Biz bu değiliz, karada denizde, havada ve savaşlarda her ortamda karşılıklı ekmeğini paylaşmış bir millet bu halde olmamalı. Özellikle yerelde kavga ve gürültülerden, kısır çekişmelerden, kin ve nefret söylemlerinden uzak durmalıyız. Yoksa geleceğimizin çok daha gergin geçeceğini şimdiden söyleyebiliriz…
BU ORTAMLARDA OLAMAM
Şevket Altuğ "sizi neden göremiyoruz?" sorusuna şu cevabı vermiş:
“Türk toplumunun değerleri değişti.
Türk toplumuna sunulan işlerin içerikleri değişti. Yani ben şu andaki içeriklerle hiçbir dizinin içinde olamam.
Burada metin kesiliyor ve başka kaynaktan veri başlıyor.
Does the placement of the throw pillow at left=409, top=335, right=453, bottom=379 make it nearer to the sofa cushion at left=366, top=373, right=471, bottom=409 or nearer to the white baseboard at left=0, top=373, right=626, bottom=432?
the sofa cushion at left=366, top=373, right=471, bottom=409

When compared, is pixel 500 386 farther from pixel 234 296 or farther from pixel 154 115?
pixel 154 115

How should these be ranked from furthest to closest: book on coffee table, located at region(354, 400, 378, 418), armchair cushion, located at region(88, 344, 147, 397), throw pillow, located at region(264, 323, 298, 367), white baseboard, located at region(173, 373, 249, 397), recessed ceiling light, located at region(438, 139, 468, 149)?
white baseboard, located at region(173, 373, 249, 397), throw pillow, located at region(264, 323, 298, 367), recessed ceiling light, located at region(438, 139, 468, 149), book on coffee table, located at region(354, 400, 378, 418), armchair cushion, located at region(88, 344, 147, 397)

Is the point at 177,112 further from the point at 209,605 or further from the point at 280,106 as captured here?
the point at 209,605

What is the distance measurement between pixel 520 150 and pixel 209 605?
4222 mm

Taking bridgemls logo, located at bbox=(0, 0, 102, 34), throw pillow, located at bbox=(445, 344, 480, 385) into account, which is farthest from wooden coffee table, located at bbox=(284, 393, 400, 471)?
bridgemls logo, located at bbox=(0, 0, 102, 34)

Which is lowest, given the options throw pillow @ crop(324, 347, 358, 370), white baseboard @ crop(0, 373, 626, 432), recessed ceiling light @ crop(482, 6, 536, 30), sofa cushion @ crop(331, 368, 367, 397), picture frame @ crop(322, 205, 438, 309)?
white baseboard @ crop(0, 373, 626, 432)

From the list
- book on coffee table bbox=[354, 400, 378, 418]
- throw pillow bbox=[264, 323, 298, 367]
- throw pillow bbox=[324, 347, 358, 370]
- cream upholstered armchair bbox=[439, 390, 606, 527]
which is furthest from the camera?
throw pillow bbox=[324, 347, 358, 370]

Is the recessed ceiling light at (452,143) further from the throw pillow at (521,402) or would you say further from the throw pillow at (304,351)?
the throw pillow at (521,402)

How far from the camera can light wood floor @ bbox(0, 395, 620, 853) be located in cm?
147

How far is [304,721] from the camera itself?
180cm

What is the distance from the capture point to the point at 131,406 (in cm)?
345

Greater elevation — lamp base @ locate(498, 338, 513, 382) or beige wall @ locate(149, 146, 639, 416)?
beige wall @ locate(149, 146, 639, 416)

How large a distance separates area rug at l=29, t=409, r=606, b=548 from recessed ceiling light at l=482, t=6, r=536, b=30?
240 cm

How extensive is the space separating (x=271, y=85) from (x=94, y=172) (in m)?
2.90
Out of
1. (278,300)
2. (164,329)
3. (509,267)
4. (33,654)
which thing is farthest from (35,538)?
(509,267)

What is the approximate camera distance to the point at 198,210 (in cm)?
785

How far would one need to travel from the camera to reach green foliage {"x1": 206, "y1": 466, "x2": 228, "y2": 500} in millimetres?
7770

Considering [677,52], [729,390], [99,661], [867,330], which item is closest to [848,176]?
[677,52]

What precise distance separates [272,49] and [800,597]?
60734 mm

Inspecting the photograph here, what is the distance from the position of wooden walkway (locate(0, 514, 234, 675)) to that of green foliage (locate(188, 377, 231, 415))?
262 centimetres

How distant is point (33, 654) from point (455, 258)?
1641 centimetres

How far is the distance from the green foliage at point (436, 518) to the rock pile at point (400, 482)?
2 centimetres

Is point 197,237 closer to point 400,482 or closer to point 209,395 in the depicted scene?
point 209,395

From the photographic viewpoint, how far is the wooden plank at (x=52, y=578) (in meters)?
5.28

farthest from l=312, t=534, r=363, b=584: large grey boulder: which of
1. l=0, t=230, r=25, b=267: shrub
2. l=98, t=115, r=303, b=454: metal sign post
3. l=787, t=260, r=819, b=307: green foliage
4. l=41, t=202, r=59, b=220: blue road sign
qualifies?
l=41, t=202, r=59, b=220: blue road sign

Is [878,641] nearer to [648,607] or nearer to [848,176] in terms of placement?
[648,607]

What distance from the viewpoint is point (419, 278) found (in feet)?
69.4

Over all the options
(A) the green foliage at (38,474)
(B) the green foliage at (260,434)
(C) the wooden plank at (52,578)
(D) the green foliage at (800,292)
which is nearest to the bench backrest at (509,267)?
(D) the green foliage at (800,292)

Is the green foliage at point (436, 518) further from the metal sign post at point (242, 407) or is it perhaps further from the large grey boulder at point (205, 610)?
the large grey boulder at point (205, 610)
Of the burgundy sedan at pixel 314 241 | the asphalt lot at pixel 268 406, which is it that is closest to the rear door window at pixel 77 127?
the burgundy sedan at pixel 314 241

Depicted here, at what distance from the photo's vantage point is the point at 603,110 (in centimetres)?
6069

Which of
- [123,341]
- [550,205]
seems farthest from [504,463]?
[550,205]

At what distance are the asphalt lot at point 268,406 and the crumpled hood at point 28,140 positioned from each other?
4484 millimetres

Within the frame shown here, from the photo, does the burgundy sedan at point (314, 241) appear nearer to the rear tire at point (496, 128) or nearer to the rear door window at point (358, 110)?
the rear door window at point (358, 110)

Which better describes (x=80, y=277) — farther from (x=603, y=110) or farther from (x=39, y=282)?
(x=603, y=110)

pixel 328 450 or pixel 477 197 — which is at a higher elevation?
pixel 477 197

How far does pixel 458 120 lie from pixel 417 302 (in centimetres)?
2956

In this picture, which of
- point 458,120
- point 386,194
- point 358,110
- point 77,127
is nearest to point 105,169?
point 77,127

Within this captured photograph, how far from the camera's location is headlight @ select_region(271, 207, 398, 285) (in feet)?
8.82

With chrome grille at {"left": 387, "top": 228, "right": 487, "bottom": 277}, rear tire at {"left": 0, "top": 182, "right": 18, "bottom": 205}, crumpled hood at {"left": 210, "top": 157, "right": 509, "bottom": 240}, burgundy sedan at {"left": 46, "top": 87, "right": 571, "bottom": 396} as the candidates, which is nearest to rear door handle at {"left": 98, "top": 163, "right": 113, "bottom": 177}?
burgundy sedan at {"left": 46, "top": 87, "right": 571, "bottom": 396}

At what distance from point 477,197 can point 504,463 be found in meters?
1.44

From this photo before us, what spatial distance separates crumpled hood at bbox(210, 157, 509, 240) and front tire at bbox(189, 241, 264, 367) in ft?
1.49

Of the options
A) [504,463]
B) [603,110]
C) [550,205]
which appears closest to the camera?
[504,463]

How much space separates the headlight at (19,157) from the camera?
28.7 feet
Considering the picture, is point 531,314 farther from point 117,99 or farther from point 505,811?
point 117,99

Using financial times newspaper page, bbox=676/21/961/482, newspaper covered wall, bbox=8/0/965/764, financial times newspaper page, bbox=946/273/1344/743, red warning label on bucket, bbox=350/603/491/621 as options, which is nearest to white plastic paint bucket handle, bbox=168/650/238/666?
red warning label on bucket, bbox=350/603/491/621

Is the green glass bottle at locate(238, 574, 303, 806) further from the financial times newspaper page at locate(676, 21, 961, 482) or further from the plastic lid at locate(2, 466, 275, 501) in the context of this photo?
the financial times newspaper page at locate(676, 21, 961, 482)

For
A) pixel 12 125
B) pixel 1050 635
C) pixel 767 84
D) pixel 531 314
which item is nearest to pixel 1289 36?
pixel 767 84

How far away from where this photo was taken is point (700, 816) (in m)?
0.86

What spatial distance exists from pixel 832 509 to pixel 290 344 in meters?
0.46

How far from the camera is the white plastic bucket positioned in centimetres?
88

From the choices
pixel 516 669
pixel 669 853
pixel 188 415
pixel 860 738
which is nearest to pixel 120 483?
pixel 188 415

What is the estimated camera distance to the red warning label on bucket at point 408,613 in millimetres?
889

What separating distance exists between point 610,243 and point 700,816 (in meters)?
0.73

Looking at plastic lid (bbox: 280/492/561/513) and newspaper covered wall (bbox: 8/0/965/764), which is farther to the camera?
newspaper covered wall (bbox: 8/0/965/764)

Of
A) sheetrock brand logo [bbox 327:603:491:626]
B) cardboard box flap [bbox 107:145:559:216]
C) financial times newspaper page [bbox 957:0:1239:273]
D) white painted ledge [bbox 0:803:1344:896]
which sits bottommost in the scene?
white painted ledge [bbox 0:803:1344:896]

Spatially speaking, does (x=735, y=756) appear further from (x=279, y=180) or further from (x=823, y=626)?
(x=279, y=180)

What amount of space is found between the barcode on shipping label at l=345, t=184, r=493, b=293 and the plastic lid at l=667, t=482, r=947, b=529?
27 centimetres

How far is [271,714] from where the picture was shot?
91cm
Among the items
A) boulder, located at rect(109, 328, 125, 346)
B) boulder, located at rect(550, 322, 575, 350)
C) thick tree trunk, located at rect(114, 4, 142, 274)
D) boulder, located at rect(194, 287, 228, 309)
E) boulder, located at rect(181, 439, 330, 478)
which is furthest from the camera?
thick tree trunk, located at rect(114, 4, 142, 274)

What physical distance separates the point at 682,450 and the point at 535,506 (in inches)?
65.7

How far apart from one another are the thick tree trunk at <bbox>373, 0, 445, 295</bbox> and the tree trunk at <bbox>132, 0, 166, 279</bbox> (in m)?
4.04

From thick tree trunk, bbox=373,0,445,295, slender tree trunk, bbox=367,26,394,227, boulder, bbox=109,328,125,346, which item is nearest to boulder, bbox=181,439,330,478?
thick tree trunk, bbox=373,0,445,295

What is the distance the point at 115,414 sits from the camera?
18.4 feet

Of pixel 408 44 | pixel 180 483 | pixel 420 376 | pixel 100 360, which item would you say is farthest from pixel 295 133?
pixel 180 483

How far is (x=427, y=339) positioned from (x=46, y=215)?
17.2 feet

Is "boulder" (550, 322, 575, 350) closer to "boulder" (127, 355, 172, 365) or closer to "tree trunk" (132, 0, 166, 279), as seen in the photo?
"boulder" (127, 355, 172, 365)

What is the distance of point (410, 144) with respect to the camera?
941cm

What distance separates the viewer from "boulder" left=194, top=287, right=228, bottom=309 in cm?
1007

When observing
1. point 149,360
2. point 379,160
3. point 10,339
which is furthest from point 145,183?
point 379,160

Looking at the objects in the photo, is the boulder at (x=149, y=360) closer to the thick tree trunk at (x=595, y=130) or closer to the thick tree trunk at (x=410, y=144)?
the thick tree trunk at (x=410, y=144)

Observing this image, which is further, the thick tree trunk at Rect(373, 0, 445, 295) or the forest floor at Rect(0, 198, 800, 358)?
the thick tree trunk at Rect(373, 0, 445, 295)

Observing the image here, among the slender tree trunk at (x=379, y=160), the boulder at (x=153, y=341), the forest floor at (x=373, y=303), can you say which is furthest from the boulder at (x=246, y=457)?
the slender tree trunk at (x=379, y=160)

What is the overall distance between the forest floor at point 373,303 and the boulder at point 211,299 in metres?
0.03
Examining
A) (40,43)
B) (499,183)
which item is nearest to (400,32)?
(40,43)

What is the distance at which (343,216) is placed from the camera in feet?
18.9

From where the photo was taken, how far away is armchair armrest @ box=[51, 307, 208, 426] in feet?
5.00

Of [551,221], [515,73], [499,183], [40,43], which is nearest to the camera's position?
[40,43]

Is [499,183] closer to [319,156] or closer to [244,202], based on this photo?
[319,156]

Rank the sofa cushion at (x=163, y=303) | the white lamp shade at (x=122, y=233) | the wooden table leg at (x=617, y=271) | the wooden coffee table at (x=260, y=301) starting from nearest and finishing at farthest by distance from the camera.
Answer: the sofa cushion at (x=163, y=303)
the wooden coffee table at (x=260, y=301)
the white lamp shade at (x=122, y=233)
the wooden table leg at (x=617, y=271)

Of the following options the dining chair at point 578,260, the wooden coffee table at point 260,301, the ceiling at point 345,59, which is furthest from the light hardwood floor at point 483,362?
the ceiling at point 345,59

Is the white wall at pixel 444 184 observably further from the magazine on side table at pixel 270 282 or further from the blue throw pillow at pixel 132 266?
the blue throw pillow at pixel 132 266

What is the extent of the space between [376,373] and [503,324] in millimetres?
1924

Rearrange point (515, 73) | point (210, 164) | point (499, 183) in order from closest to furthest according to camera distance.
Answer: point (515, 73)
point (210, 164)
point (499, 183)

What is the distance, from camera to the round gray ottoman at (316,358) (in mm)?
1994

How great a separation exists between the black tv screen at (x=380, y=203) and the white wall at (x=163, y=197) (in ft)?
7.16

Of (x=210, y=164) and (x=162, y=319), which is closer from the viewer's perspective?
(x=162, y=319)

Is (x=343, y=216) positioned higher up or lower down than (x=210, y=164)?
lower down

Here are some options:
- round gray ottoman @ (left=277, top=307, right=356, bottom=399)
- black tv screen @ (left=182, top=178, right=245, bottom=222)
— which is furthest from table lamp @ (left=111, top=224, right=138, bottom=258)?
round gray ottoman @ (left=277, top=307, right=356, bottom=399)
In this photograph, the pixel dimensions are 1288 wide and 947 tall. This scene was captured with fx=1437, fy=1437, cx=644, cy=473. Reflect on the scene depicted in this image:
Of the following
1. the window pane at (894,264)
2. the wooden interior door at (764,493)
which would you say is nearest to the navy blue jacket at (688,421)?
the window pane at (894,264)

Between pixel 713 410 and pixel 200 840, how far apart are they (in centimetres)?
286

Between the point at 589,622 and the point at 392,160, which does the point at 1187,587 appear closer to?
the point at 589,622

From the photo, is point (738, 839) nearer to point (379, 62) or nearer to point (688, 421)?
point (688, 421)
Eleştiri olarak kabul etsinler, biraz da yaşlılığıma versinler... Bütün yapılan işlerde tabanca, tüfek, millet birbirini öldürüyor.
Bütün erkekler sakallı.
Bizim zamanımızda sakal rol gerekirse bırakılırdı.
Bu ortamda ben olamam.
Çünkü biz yaptığımız işlerde topluma sevgiyi, hoşgörüyü, toleransı, birlikte yaşamayı, dayanışmayı öğretmeye çalıştık.
Böyle bir senaryo ile karşılaşırsam yaşıma rağmen hâlâ oynayabilirim.
Ama karşılaşacağımı da pek zannetmiyorum.”